A librarian doesn’t just retrieve what I want—they help me discover what I didn’t know I needed. That's not just search; that's, in part, serendipity. It's the ability to read between my words, sense my confusion, and guide me toward questions I didn't know how to ask.
Serendipity is not a bug. It's the feature.
While I was writing this piece, I had two research agents generating extensive literature reviews in parallel on topics in cognitive neuroscience that would have been difficult to explore without years of training—or a deeply specialized librarian. I found no major errors. The writing was readable. I learned a lot. But despite its suggestions and creativity, it gave me what I asked for within mostly predictable parameters. No unexpected detours. No "have you considered this angle?" No sensing what I was really struggling with beneath my query. Though it is getting more and more human-like, it is still not human.
So I sit with that.
Does it matter? Should it?
Will my kids—or their kids—ever know the comfort of turning the last page of a book and feeling more alive than before? Will they know what it means to find the edge of knowledge, and want to push further? Maybe my older kids still will. What about my younger ones? Or theirs?
I have a lot of questions. Fears. Hopes. Not just about technology. About what we’ll lose if we confuse access with understanding.
Because I remember what it was like to be blocked. To not understand what I was reading. To be totally stuck, no clue what the author meant. And no magical guide to swoop in and save me. That doesn’t happen to me anymore. Today, I can learn anything, from anyone, in almost any language, at any level. It’s incredible. Expansive. Empowering.

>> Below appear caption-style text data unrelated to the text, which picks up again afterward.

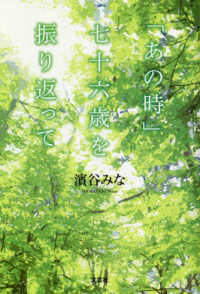 「あの時」七十六歳を振り返って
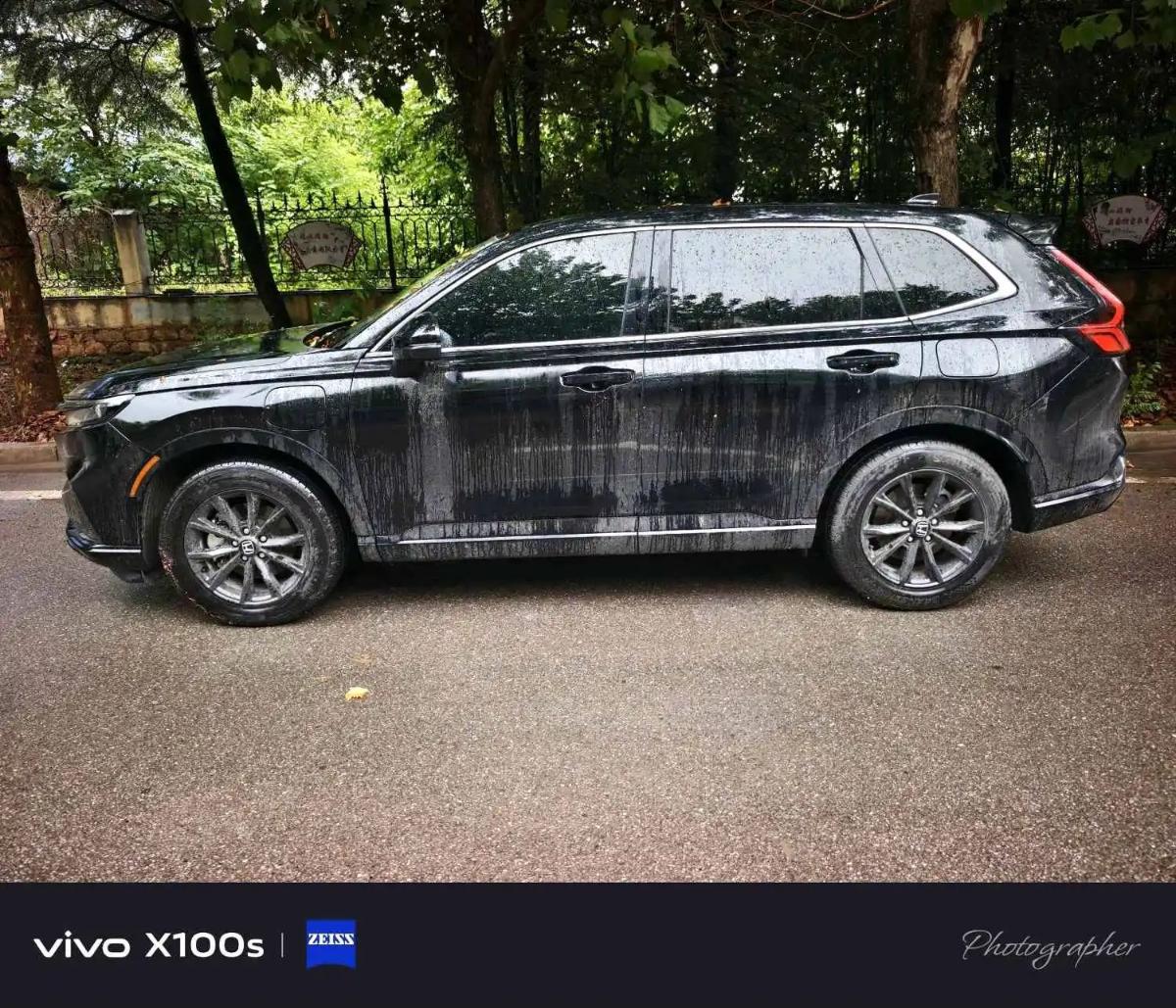Honda CR-V New Energy 2023 car image #2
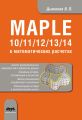 Maple 10/11/12/13/14   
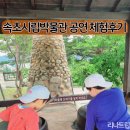 설악복식당 | 강원도 속초 시립박물관 공연 체험 주차장 아이랑 비오는날 가족여행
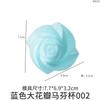 Variedades de Silicone em Formato de Coração Espesso Papoula, Copo para Torta de Ovo Mafen, Copo Mafen, Copo para Bolo e Pudim de Alta Temperatura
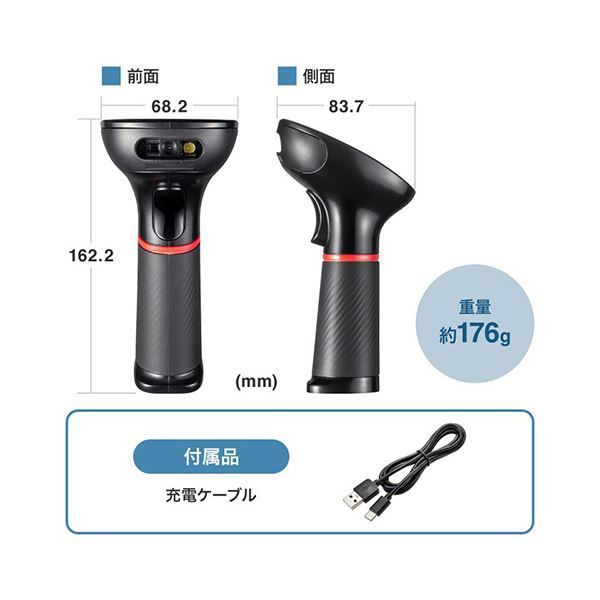 Bluetooth対応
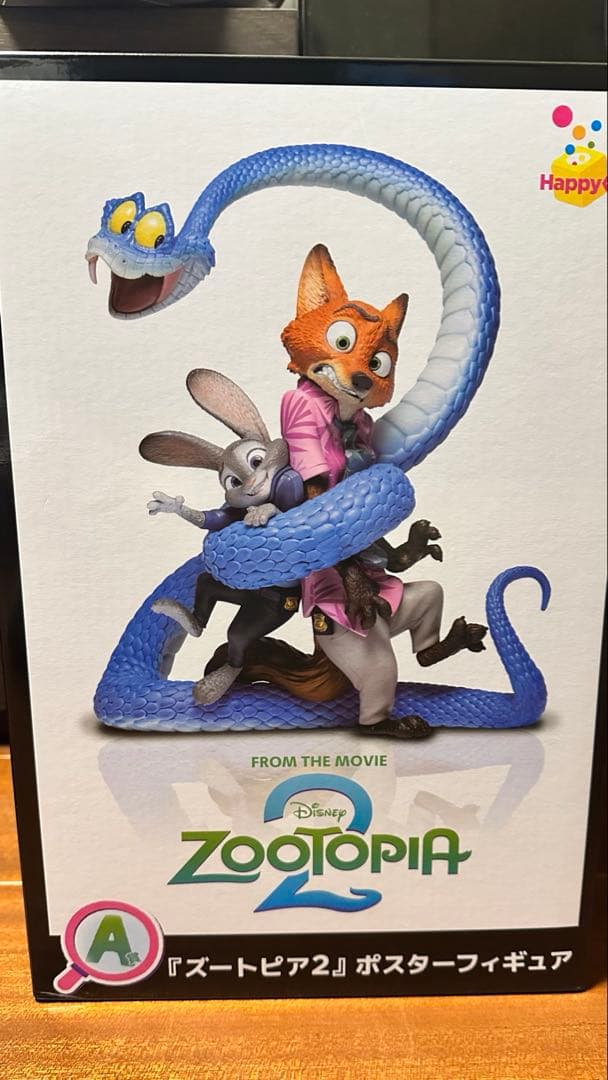 ズートピア2 A賞・ラストワン賞セット フィギュア その他おまけ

But it’s not necessarily human.
Even recently—after decades in my career—I just wanted to redo my office a little. Not a big change. Just improve the space. And the most important part? Still the books. Sometimes, I still dream of reading. Not watching. Not clicking. Reading. My eyes may not be what they once were, but I love the ink on paper, the texture of the page, the way letters become meaning. It’s not about utility—it’s about the beauty of contemplating versus just consuming.
Words are our building blocks. Growth, discovery, opportunity—all start there. The ability to store, retrieve, and create information in that way—the uniquely human way—is artistic. It’s powerful. It’s beautiful.
But that’s not what my AI guide gives me.
After all this time—after textbooks that were years or decades behind, and teachers working off outdated material—I find myself wondering: What should the “book” of the future be? I can imagine a time—very soon—when it’s inappropriate, maybe even unethical, to teach medicine from a static textbook. The field changes too fast. The stakes are too high. Medical malpractice law already penalizes outdated practice—how long before educational malpractice follows the same logic?
In that world—and I think we’re already entering it—the ability to continuously learn and adapt becomes the real marker of educational success. But more than that: we each become responsible for being that magical guide - for ourselves and for others. And so I wonder, again: where is my magical librarian?
I wonder if the computer is now the librarian.
And so, instead of looking forward, I look up—and conclude the only reasonable explanation is that our librarians haven’t been automated.
We might all be librarians now. If AI handles the mechanical parts of knowledge work, then we must all become guides for each other—sensing the confusion beneath the question, leading toward the unasked, and having the courage to preserve what matters even when it's inefficient.